As a sample of such an edict, issued at the end of the eighteenth century, some thirty four Doukhobors, after prolonged sufferings during the investigation made by their accusers, received their sentence in these words:
“As the same prisoners remain inflexible to suggestion and persuasion, in order to guard men from like superstition in the future, and also to retaliate upon them for their renunciation of the Church, her sacraments and saints, they shall receive, each man, thirty strokes of the knout, and each woman forty strokes of the lash publicly. The Doukhobor Yakov Laktev’s daughter, Ekaterina, and Ivan Shalaev’s daughter, Anastasia, as minors, are, in accordance with the ukase of May 2nd, 1765, to be whipped with rods. After all these criminals have been punished they are to be banished to Siberia, their goods are to be confiscated and sold by public auction, and the money sent to the treasury office in Perekop, to be entered to the account of public revenue; the carrying out of which sentence is to devolve upon the police court of Perekop.”

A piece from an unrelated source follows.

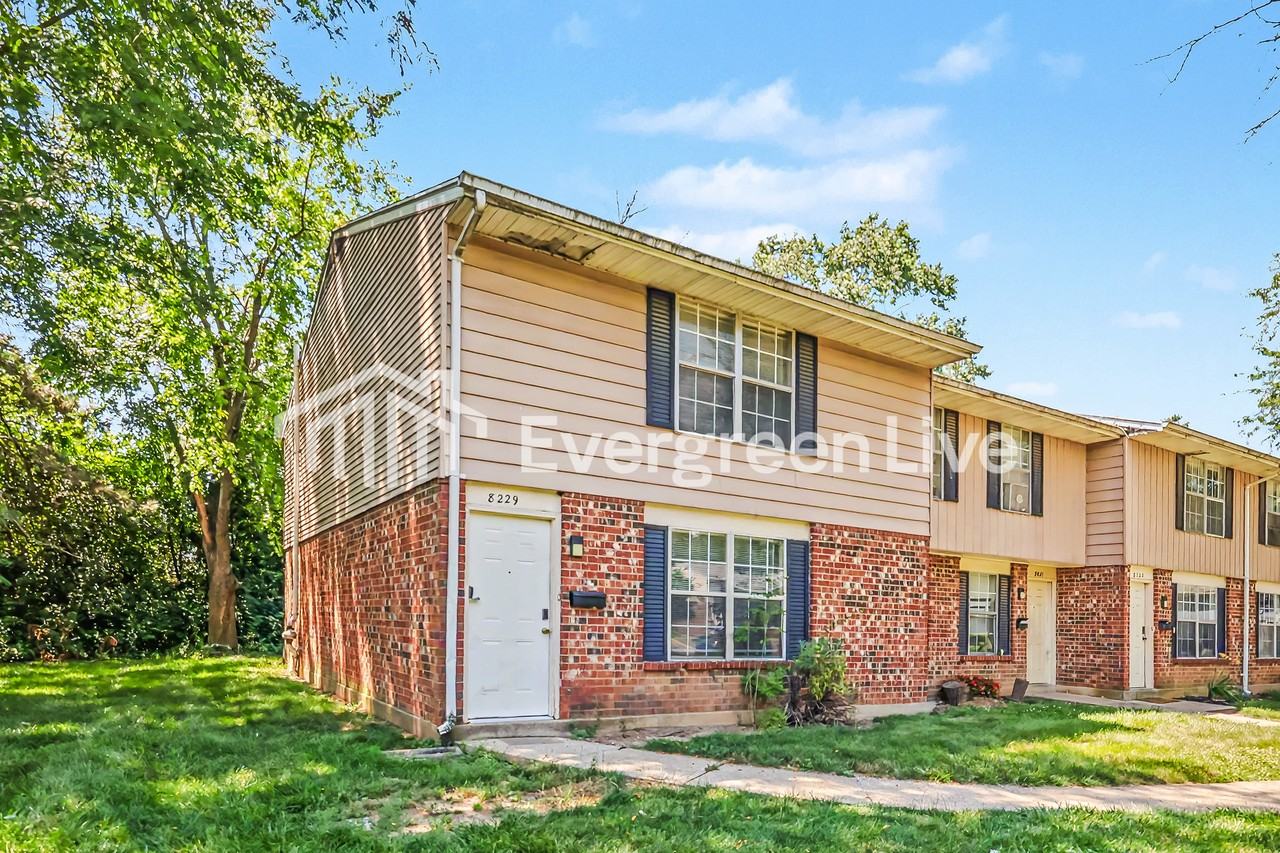 8229 Mount Carmel St - Photo 2 of 15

The higher criminal court, to which this case came up from the district court, altered the sentence as follows: “the prisoners convicted of Dukhobortsy heresy are to be put in irons without punishment, and sent to work perpetually in the mines at Ekaterinburg, Siberia, excepting the younger children. The bringing up of the children under ten years of age in the faith of the Orthodox Church is to devolve upon the mayor of the town or of the parish together with the priests.”
Some thirty one Doukhobors from another district were similarly sentenced in 1799, and in 1800 a ukase reads: “Everybody who shall be convicted of belonging to the sect of Dukhobortsy shall be condemned to life-long hard labour.”
Tsar Alexander I, however, was graciously disposed to restore them to their rights, after his minister, Lophukin, had investigated the civil and other disabilities of this sorely persecuted sect, and some of them came back from the places of banishment. They conversed with Lopukhin on friendly terms, and he petitioned the Emperor on their behalf for a place of settlement apart from the Orthodox Russians. This was granted, with permission to emigrate to the “Milky Waters” in the Melitopol district of the Tauride government (near the Crimea).